Commenting on the topline figures, Glenigan’s Economic Director, Allan Wilen says, “This underwhelming performance can be largely attributed to ongoing external constraints on the UK construction industry, including soaring energy and materials price inflation, driven by international conflict and demand-led shortages. Coupled with high-interest rates and a raft of incoming business-led taxes and you have a perfect set of conditions to dent consumer and investor confidence, resulting in depressed activity across most of the UK Construction sector.
“However, the current situation may ease in the coming months, political stability has improved over the last few weeks and the expectation that interest rates will not increase as much as initially feared will hopefully provide a degree of certainty.
“The Chancellor’s Spring Budget announcement has offered a future glimmer of hope, particularly a significant pipeline of upcoming work through an ambitious, nationwide programme of Investment Zones and urban regeneration projects coupled with a promised upgrade of transport infrastructure. This will no doubt provide plenty of opportunities for hungry and agile contractors over the coming years.
“Also welcome is confirmation in the Spring Statement that the Government intends to ease the restrictions on the recruitment of overseas labour for five construction trades. This should help ease the staff recruitment and retention problems experienced by many firms in the industry.”
The sector-specific and regional index follows. Measuring underlying project performance, the March edition painted a picture of general decline. Project-starts across almost every vertical falling in the three months to February plummeted.
Sector Analysis – Residential
Overall residential starts-on-site fell during the three months to February, dropping 27% during the index period to stand 43% lower than a year ago.
Drilling into the verticals, private housing was down 39% on the previous year, declining 29% against the preceding three months.

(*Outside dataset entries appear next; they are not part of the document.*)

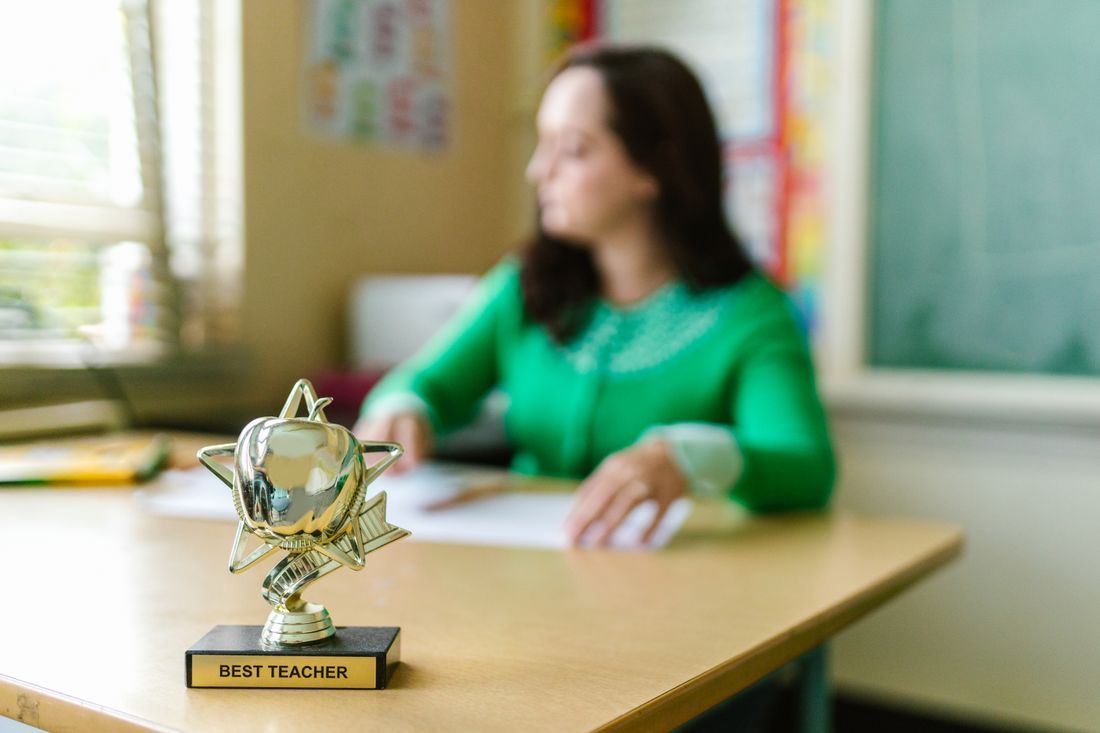 A 'Best Teacher' trophy on a desk beside a weary teacher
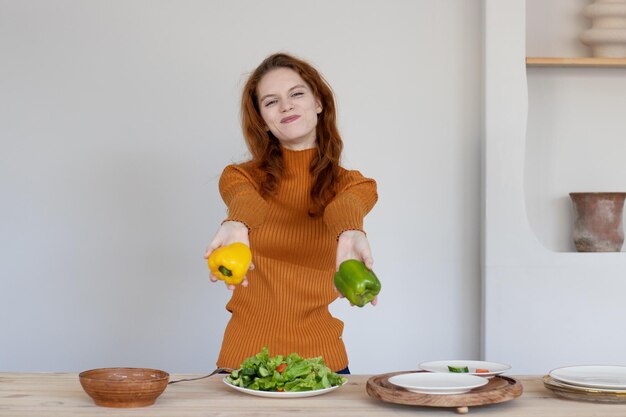 エプロンの少女は、キッチンで野菜とハーブのヘルシーなサラダを作ります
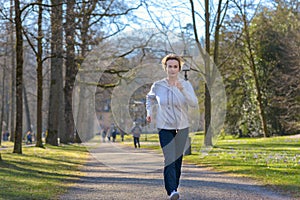 Attractive mature woman taking her daily jog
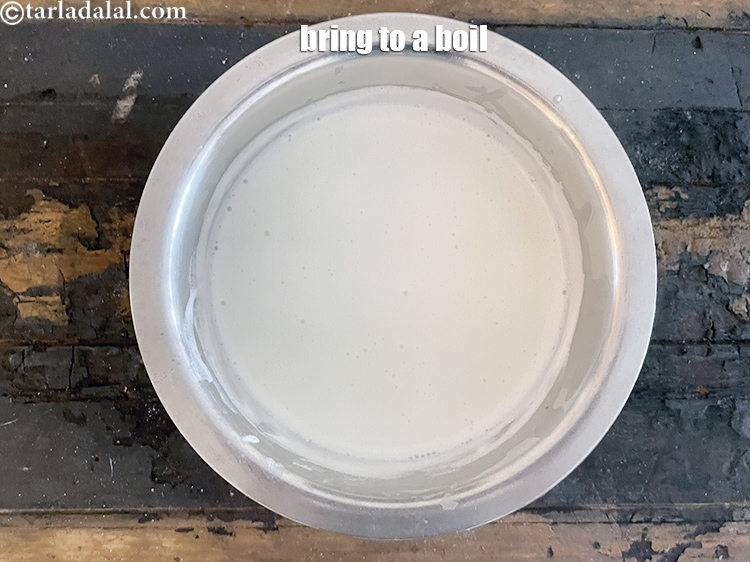 Step 14 – Bring it to a boil on a medium high flame. This would take around 8-10 …
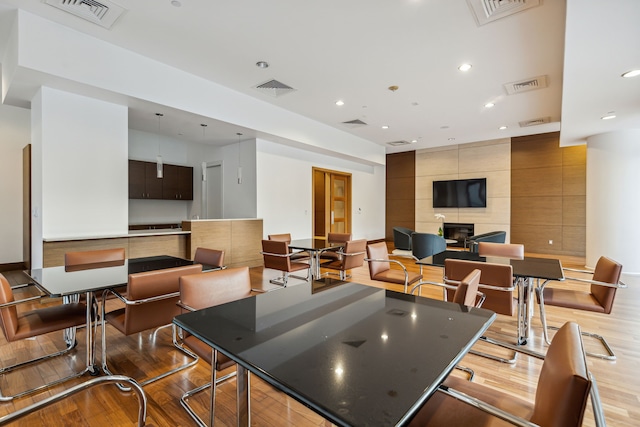 kitchen with a center island, a large fireplace, and light hardwood / wood-style flooring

Social housing also performed poorly, with work commencing on-site slipping back 22% during the three months to February and plummeting by 57% against the previous year’s figures.
Sector Analysis – Non-Residential
The value of starts fell across almost all non-residential sectors during the three months to February.

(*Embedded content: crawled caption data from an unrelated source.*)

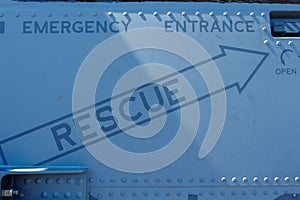 Rescue Sign on grey background with rivets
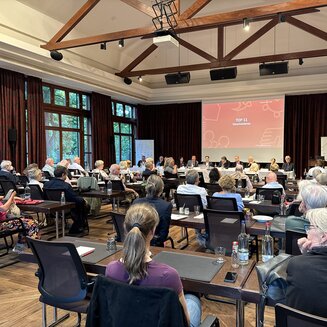 Blick von hinten in einen gut gefüllten Tagungssaal mit Holzgebälk an der Decke während einer Versammlung. Die Teilnehmer sitzen an Tischen mit Blick auf das Podium an der Stirnseite. Dort sitzt ein Podiumsteam vor einer großen Leinwand, auf der eine rote Präsentationsfolie mit der Aufschrift „TOP 11 Verschiedenes“ projiziert wird. Links geben große Fensterfronten den Blick ins Grüne frei, rechts stehen Roll-up-Banner der Genossenschaft.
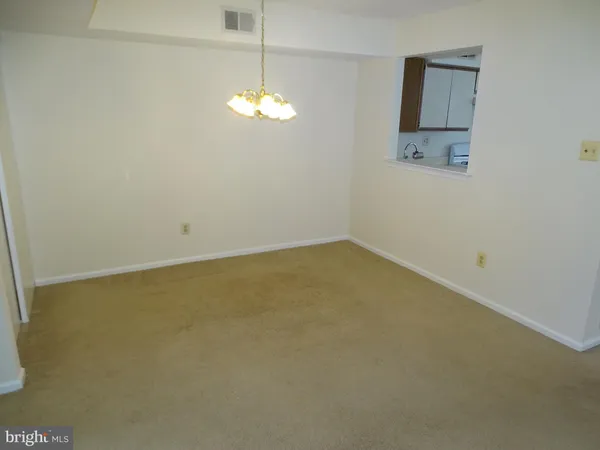 an empty room with a view of a bathroom
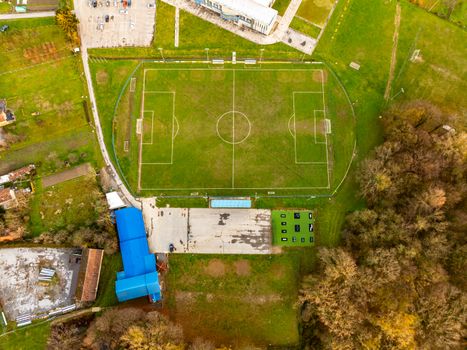 Drone shot of a football field surrounded by trees in Garešnica, Croatia.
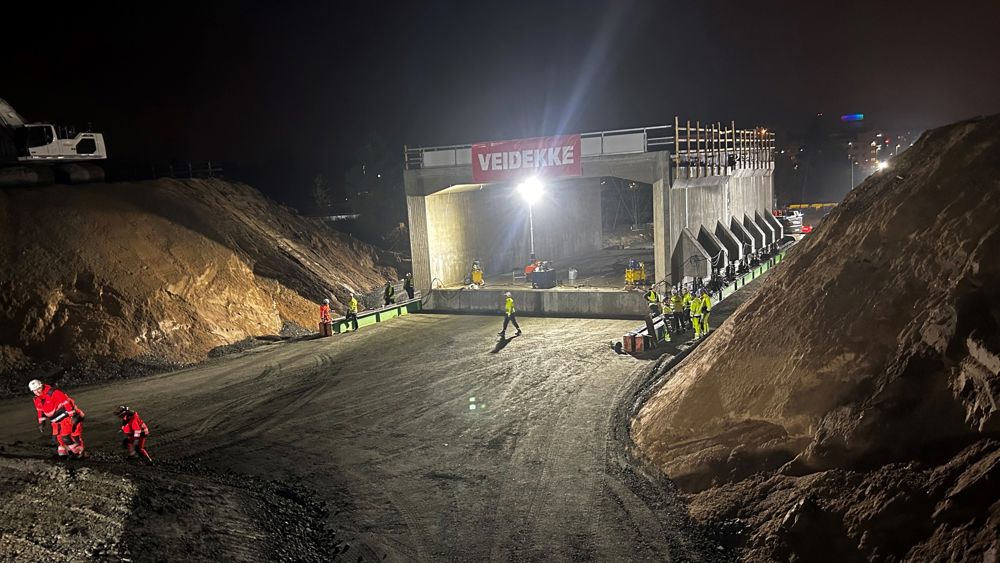 Brodalsmotet. Mörkebild där strålkastare lyser upp ett vägprojekt med stora maskiner. En vägport i betong syns i mitten, änne helt fristående på marken.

Industrial performance was disappointing, sinking 41% during the three months to February to stand 57% lower than a year ago. Retail lost ground as well, with the value of project-starts declining 24% against the preceding three months and 39% against the previous year.
Offices were also on the decline, having lost momentum on their earlier burst of activity in Q.4 2022. The value of underlying project-starts slipped back 23% against the preceding three months to stand 28% down on 2022 levels.
Health starts crashed, falling 34% against the preceding three months and declining 50% on the year before. Despite a modest 1% hiccup against the previous three-month period, education project-starts were also 24% lower than last year.
Hotel & Leisure and Community & Amenity were two of only three verticals to experience growth against the preceding three months, rising 35% and 5%, respectively. However, both failed to increase on the previous year.
Civils performance slipped back 8% against the preceding three months to stand 17% down on a year ago. Infrastructure starts dropped 18% against the preceding three-month period, remaining down 43% on the previous year’s figures.
However, the decline in civils was partly offset by utilities activity, with starts increasing 6% against the preceding three months to stand an impressive 76% up on a year ago.
Most parts of the UK experienced weak project-start performance during the three months to February. The North East was a rare bright spot, with project-starts advancing 19% during the three months to January but remaining 20% down on a year ago.
It was a similar story in the South East, with the value of project-starts increasing 5% against the preceding three months but remaining 27% behind the previous year.
Performance in London (-18%) and the South West (-15%) was particularly lacklustre against the preceding three months, also slipping back 46% and 34% against the year before.
Some regions fared worse still, including Scotland, where the value of project-starts fell 31% against the preceding three months to stand 35% down on a year ago.
Yorkshire & the Humber experienced the sharpest decrease against both the preceding three months (-53%) and the previous year (-61%).
Wales, Northern Ireland, the East Midlands, West Midlands, and the North West all suffered falls in project-starts against both the preceding three months and previous year.